Eight practices lined up for future university projects

University of Sheffield social science building by HLM

University of Sheffield social science building by HLM

Eight architects have won places on two University of Sheffield frameworks.

The frameworks, one which covers projects worth up to £4m and the other projects worth more than £4m, are set to run until 2022.

Hawkins Brown, Sheppard Robson, Bond Bryan and HLM all won spots on the lot which will deliver bigger projects for the university.

HLM also won a spot on the framework which covers jobs worth up to £4m, along with Rance Booth Smith, Castle Owen and Watson Batty.
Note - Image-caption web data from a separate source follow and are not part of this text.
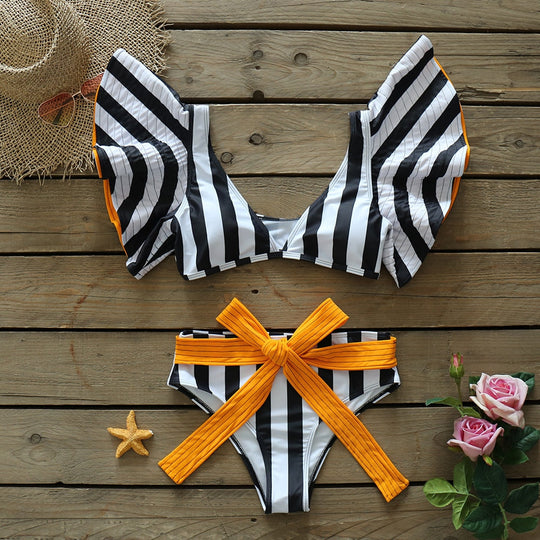 Heidi-Mode | Push-up Gepolsterter Bh mit Rüschen für einen eleganten Bikini Satz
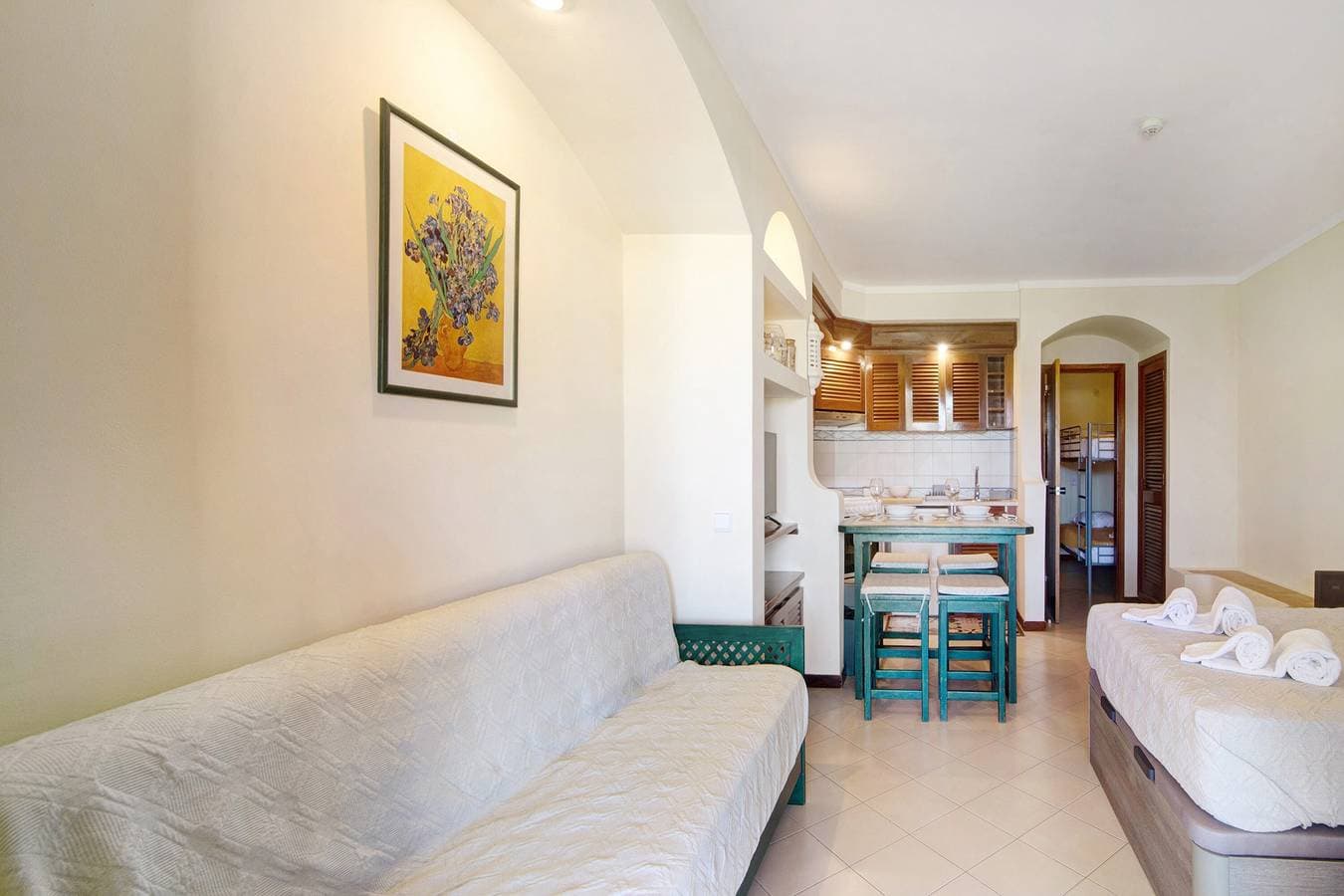 Foto 5 von 22: Studio "Belavista House" mit Privater Terrasse, Gemeinschaftspool und WLAN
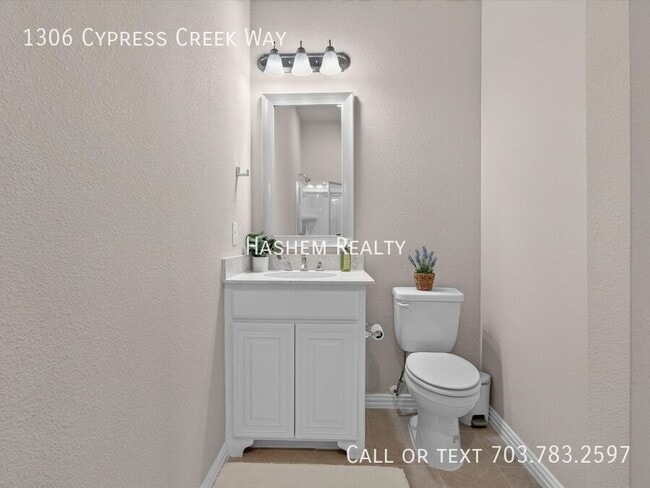 Building Photo - 1306 Cypress Creek Way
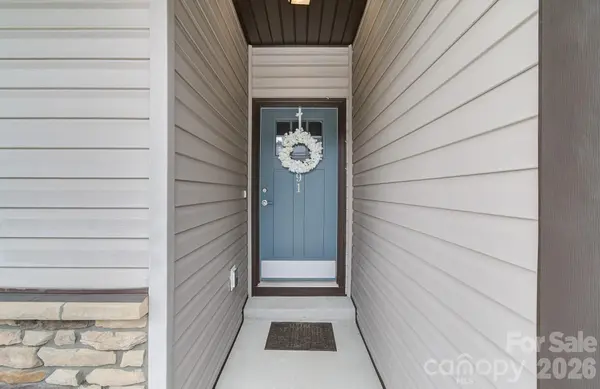 91 Cardwell LN, Fletcher, NC 28732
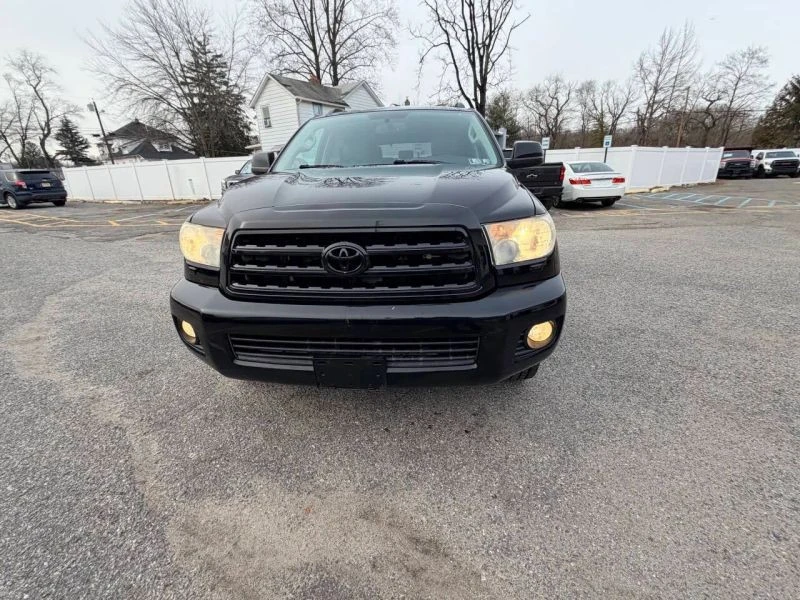 2013 Toyota Sequoia 2nd Gen - Image 3 of 12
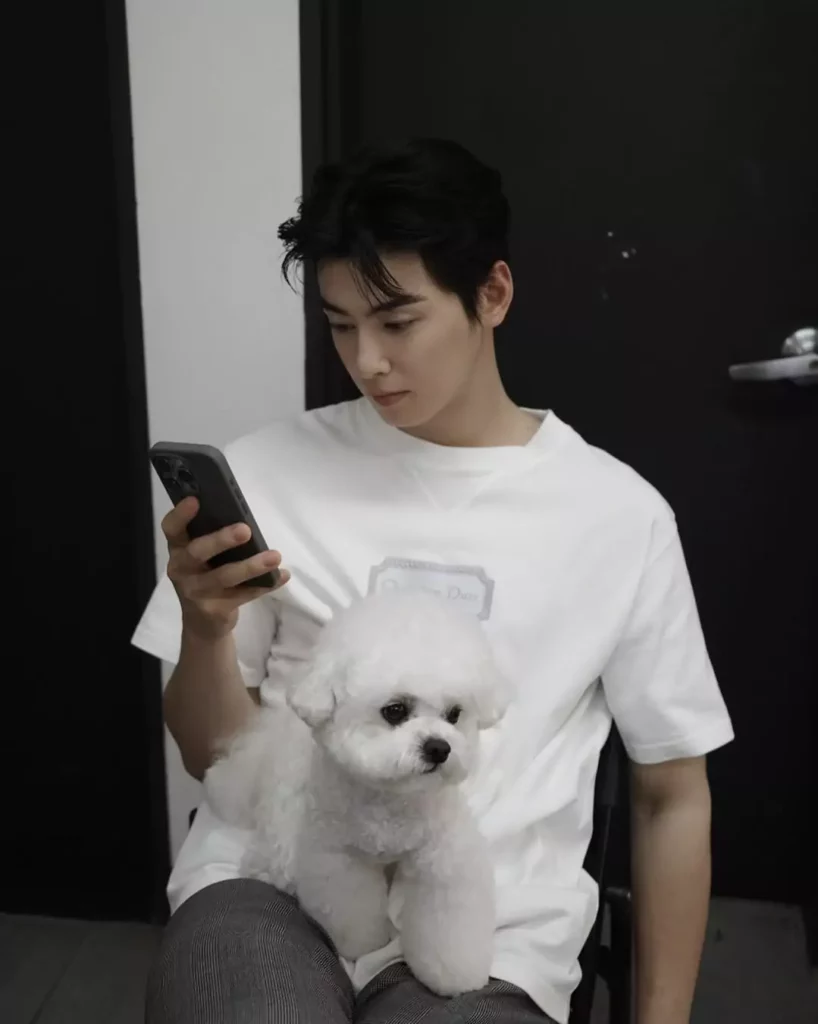 Cha Eun-woo Instagram 2024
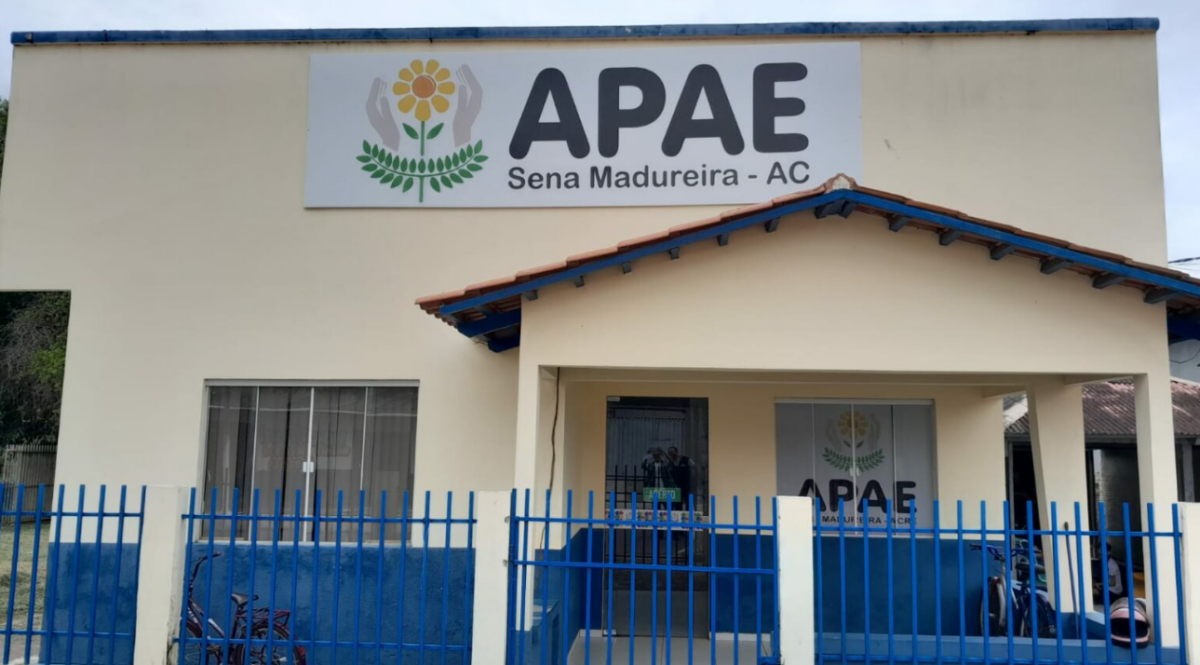 Criminoso invade APAE de Sena Madureira e furta equipamentos; caso foi registrado por câmeras de segurança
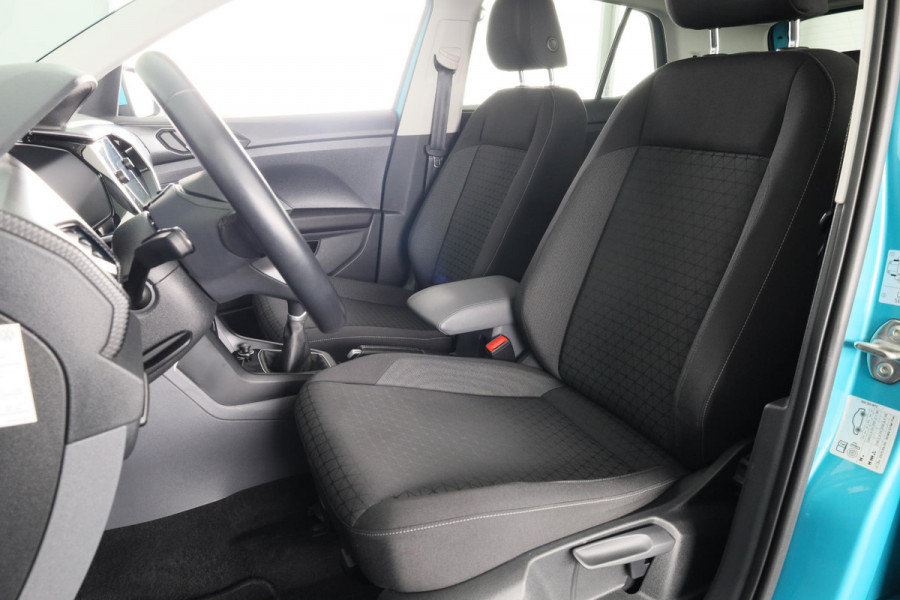 Volkswagen T-Cross 1.0 TSI Life 95 pk | Navigatie | Parkeersensoren | Adaptieve cruise control | Autom. airco | Buitenspiegels elektr. inklapbaar |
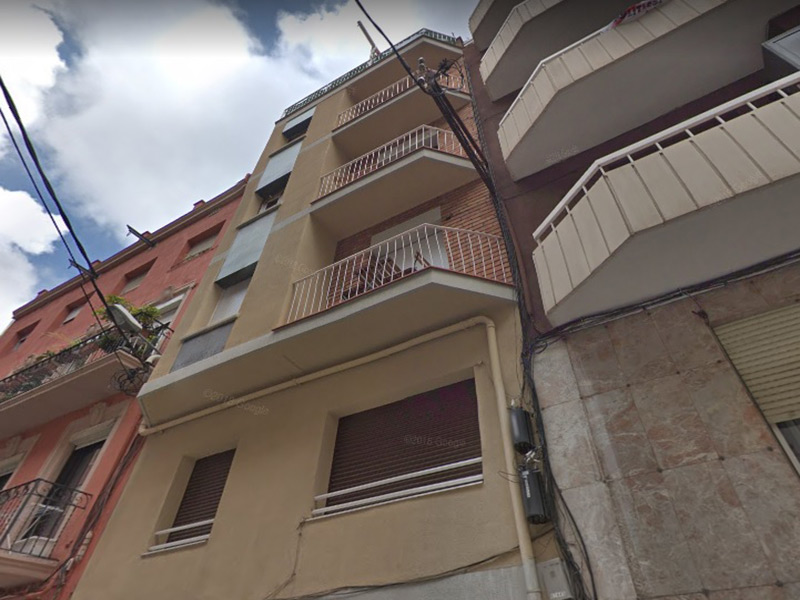 Partially restored flat of 58.00 m2 in Horta-Guinardó, Baix Guinardó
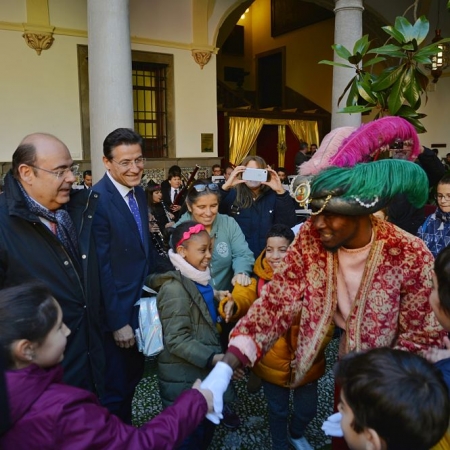El Cartero Real ya está en el Patio del Ayuntamiento (AYTO. GRANADA)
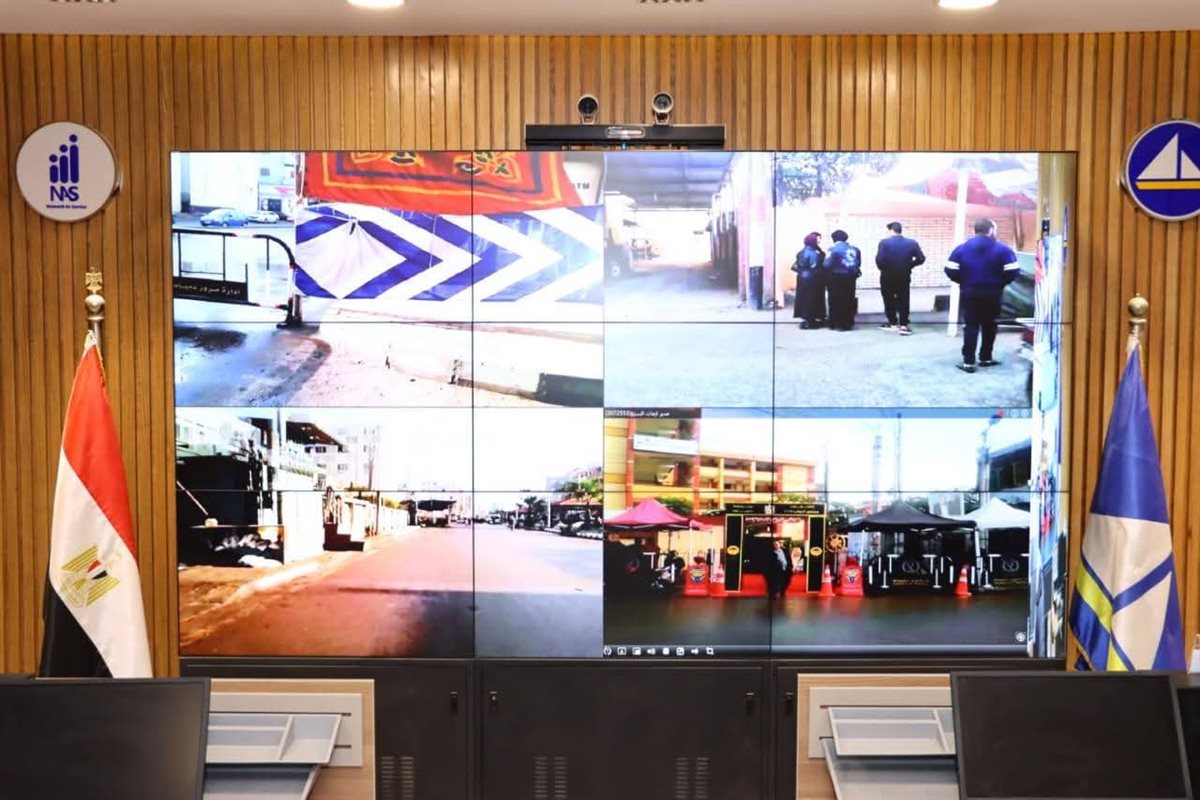 محافظ دمياط يتابع اللجان الانتخابية من داخل الشبكة الوطنية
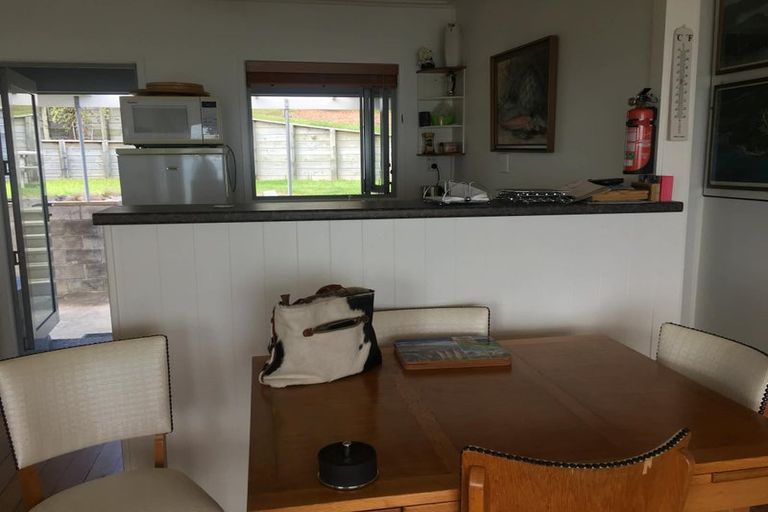 Photo of property in 45 Seaview Road, Cable Bay, 0420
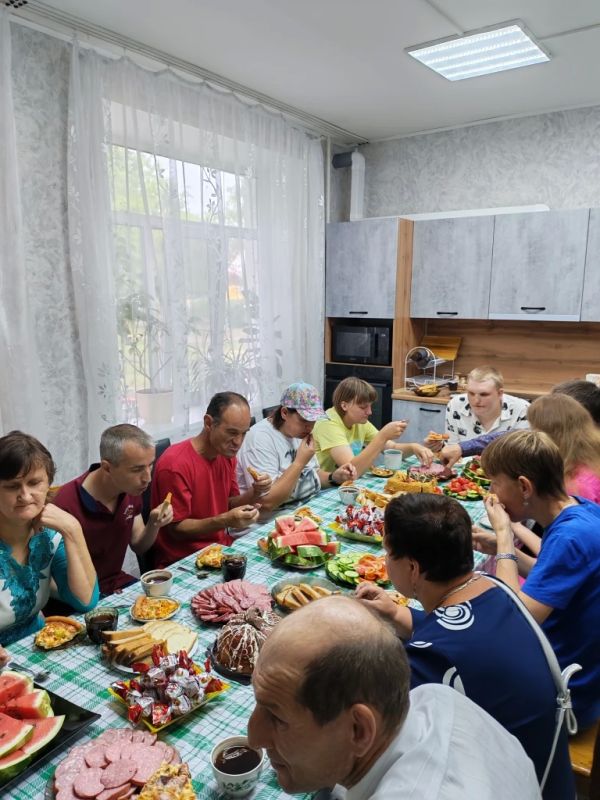 День рождения в кругу друзей! День рождения в кругу друзей!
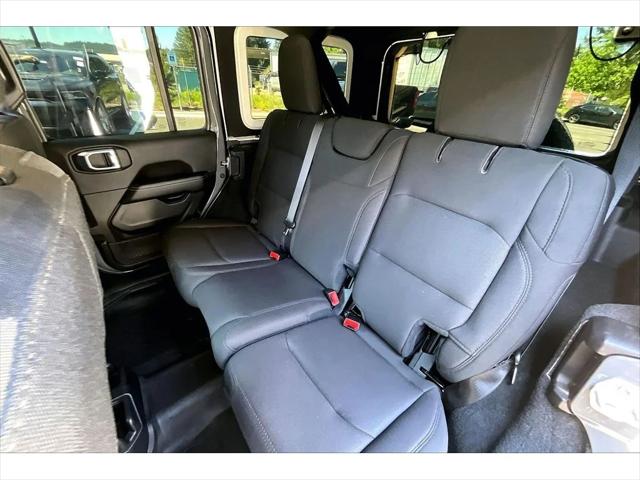2023 Jeep Wrangler 4-Door Sahara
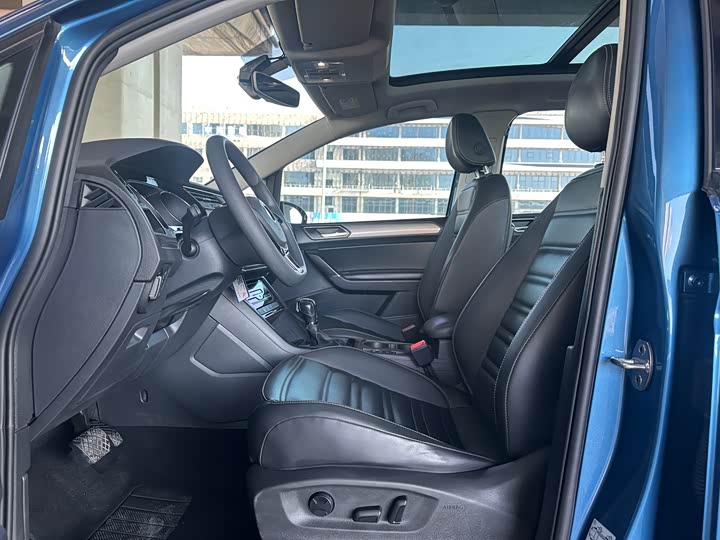 Фото 4 - Volkswagen Touran L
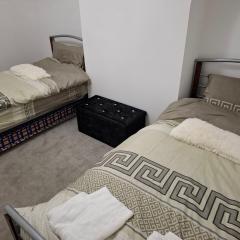 Charming 2 Bedroom Apartment in Heart of Nottinghamshire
It comes as the client behind O’Donnell & Tuomey’s LSE student centre hailed the fact that half this year’s Stirling Prize finalists were commissioned by universities. The sector was one of the most important patrons of the best architecturein the UK, said Julian Robinson.

The two contracts are part of a larger consultancy services framework with additional lots covering town planning, project management, structural engineering and cost consulting for the university.

The awards comes three years after Feilden Clegg Bradley Studios and Grant Associates created a masterplan to revamp the university.

According to the contract award notice the successful firms will deliver “architect services including design, development and documenting [of] all architectural elements via drawings, models, schedules and specifications”.

Firms will also be required to advise on quality control and to act as lead designer in the development of coordinated design work with other consultants.

Last year plans by HLM for a new social sciences building (pictured) got given the go-ahead by the local council.

The four-storey scheme will be built on a sports pitch in the Broomhill area of the city, just to the west of the university’s main campus.

Work on the new 17,000sq m building will begin in January 2019.

The social sciences faculty is the university’s largest with more than 9,000 students – accounting for a third of the university’s total student population.